Like Wolf, Roccagli sees the roller grill not only as a meal provider, but as a way to fill the snack gap between meals for customers. He suggested that stores try to develop roller grill items to satisfy consumers’ requests for more healthful options to boost the category even further.
In addition to core items, Roccagli recommended that retailers look to their local market areas to find out what additional roller grill specialties might do well.
“Everyone has the hot dogs and sausages, but in New Mexico, they’re all about the burrito; that’s a big seller there,” Roccagli said.
And it is not just the items on the grill that must be kept fresh and tantalizing. Nothing can ruin a good foodservice experience faster than a stale or soggy bun, Roccagli said.
He pointed out that an under-grill bun warmer can keep buns warm and moist without being soggy. Adding a little bread variety—Roccagli said he just discovered a wheat hot dog bun—can also add interest.
Wolf has also tried to offer other bread options and plans to continue to do so. While Roccagli agreed with Wolf that the quality of the products speak for themselves, he also uses on-pump and window signage advertising and video for stores that have video, promoting special roller grill deals and bundles.
Report: Consumer Snacking Choices, Times are changing In a new report, the NPD Group, a Port Washington, N.Y.-based market research firm, said that consumer snacking is shifting in terms of when and what they are eating. According to the report, the biggest shift is between 11 a.m. and 2 p.m.
Snacking is increasing every hour between those two times, with the largest increase at 1 p.m., when nearly 6% of snacking occurred. NPD data shows that snacking occasions throughout the day account for 18% of total restaurant food purchase occasions, or about 11 billion visits.
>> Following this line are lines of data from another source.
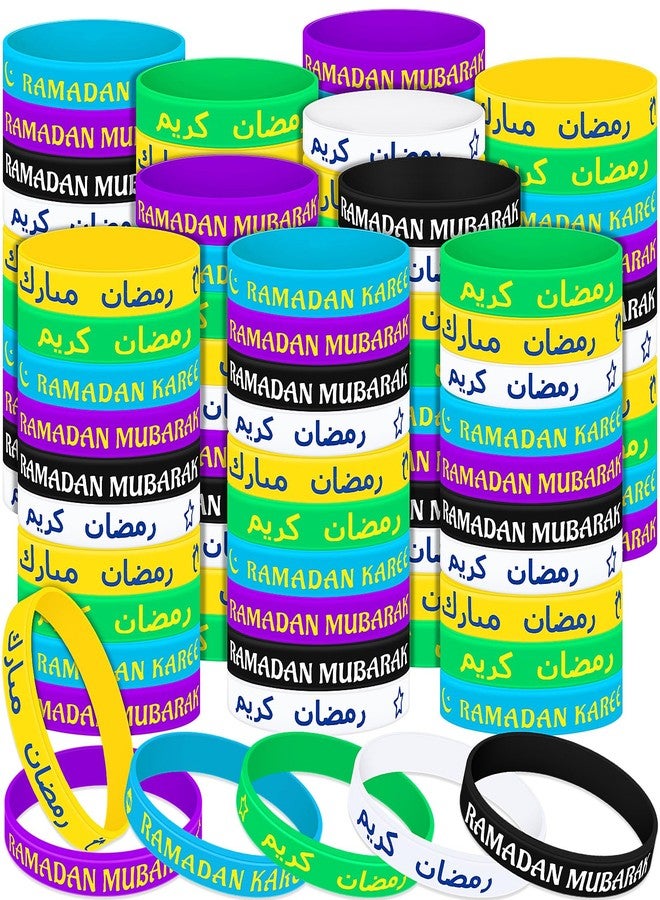 Landical Eid Al Adha Silicone Bracelets Mubarak Kareem Motivational Rubber Wristbands Colored Silicone Bracelets Muslim Gifts Ramadan Festival Party(120 Pcs,Ramadan) - Image 1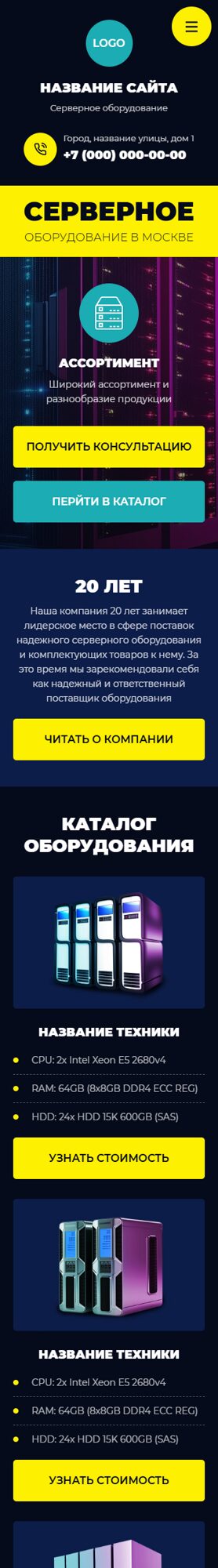 Мобильная версия дизайна № 102005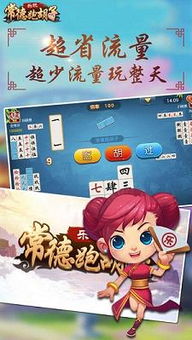 乐玩游戏盒子下载 (图3)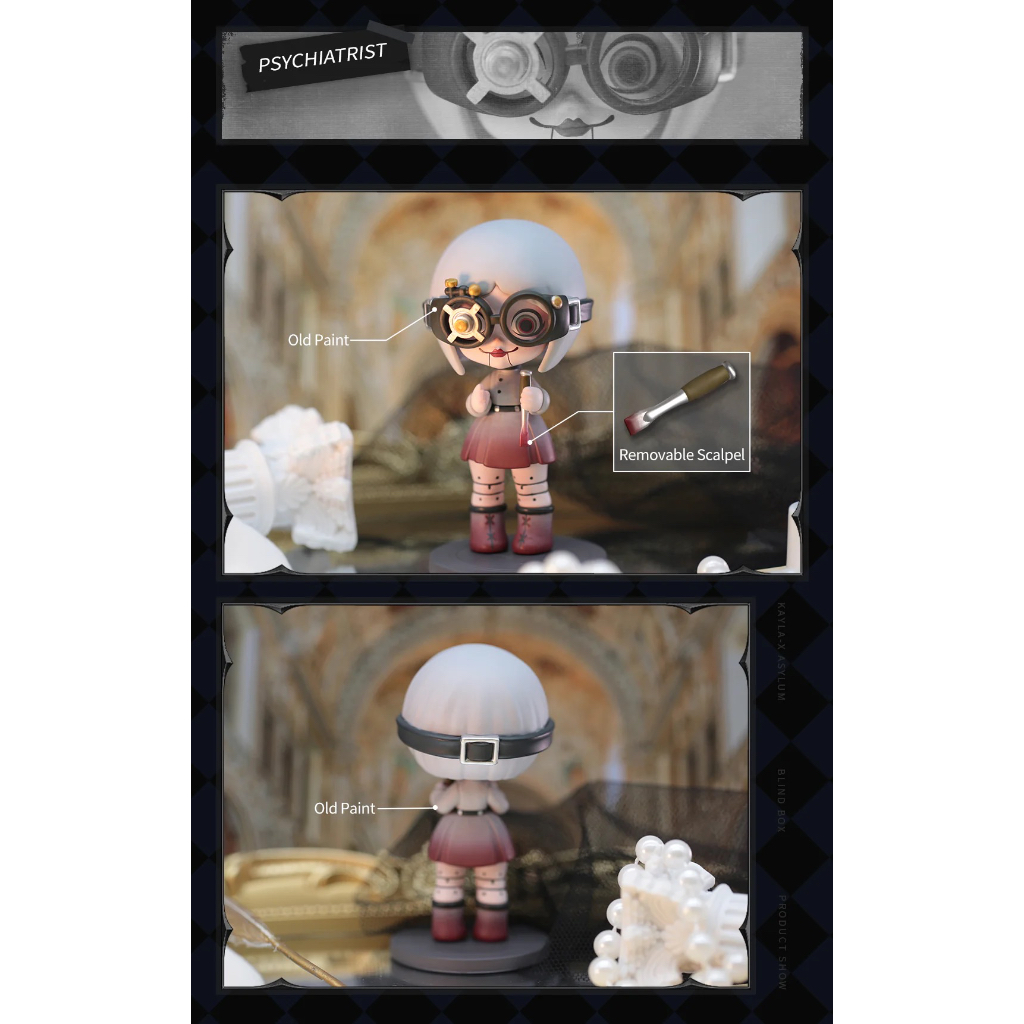 Koitake: Kayla'X Asylum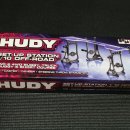 HUDY 1/10 오프로드 셋업툴 + RUDDOG AL HV 4WD 쿨링 팬(35mm) 팝니다. 이미지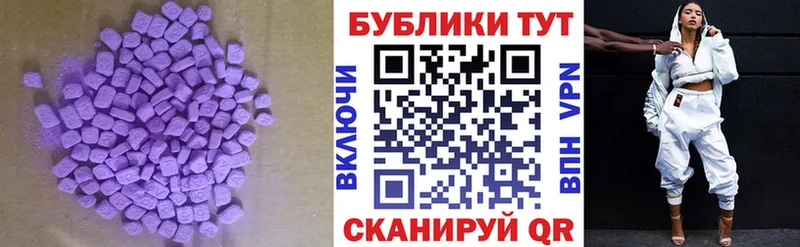Экстази TESLA  как найти закладки  Валдай 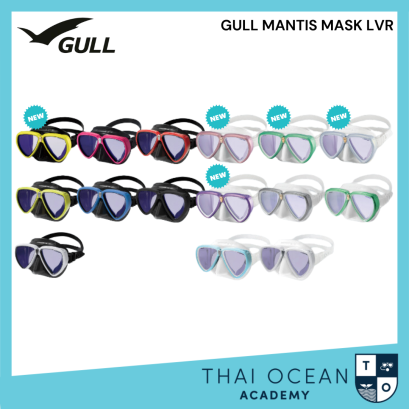 GULL MANTIS MASK LVR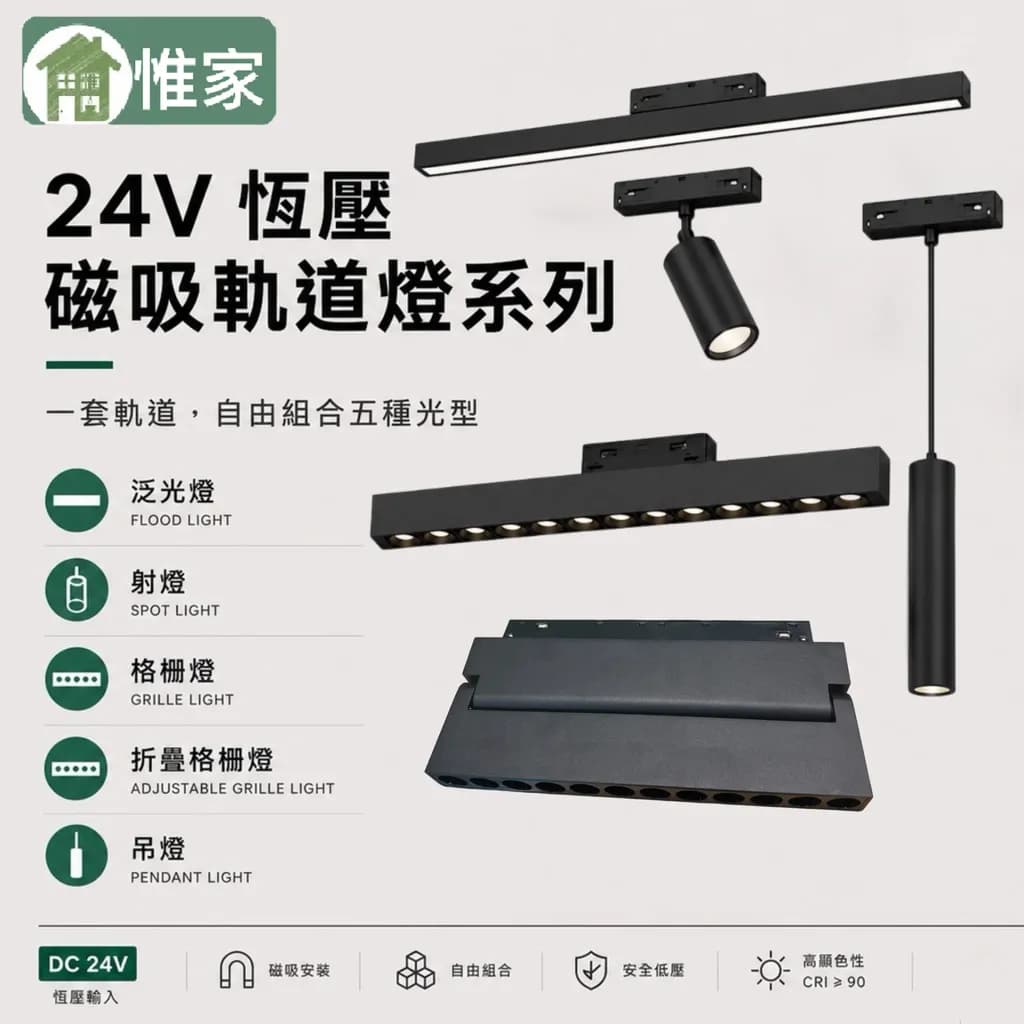 惟家恆壓磁吸泛光燈(24v) 黑色 24w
It’s not that consumers are snacking more often, but that they’re eating smaller portions, such as a hot dog or burger with no fries, and calling it a snack instead of a meal, according to Bonnie Riggs, an NPD analyst.
“That, to me, says opportunity for convenience stores to provide fresh foodservice items to fill that snacking need,” Riggs said.
Part of the reason for substituting snacks for full meals is that busy consumers are crunched for time, Riggs noted. Other reasons are that they are craving a particular item, are sensitive about price or want to eat lighter and watch their calories—especially true for health-conscious Americans.
When NPD ranked all restaurants, 90% of snack purchases occur at quick-service restaurants (NPD includes c-stores in that category). Salty snacks, such as chips and pretzels, are still the top snack choice, with doughnuts the number two, followed by grab-and-go foods like hot dogs, hamburgers, burritos, pizza, sandwich wraps and French fries.
“To get consumers into your stores, you must have a cravable item that they can get as a snack; best of all is something they can’t readily find somewhere else,” Riggs said.
Riggs noted that roller grill items can fill this need, especially when there are condiments available to allow customers to create their own snack.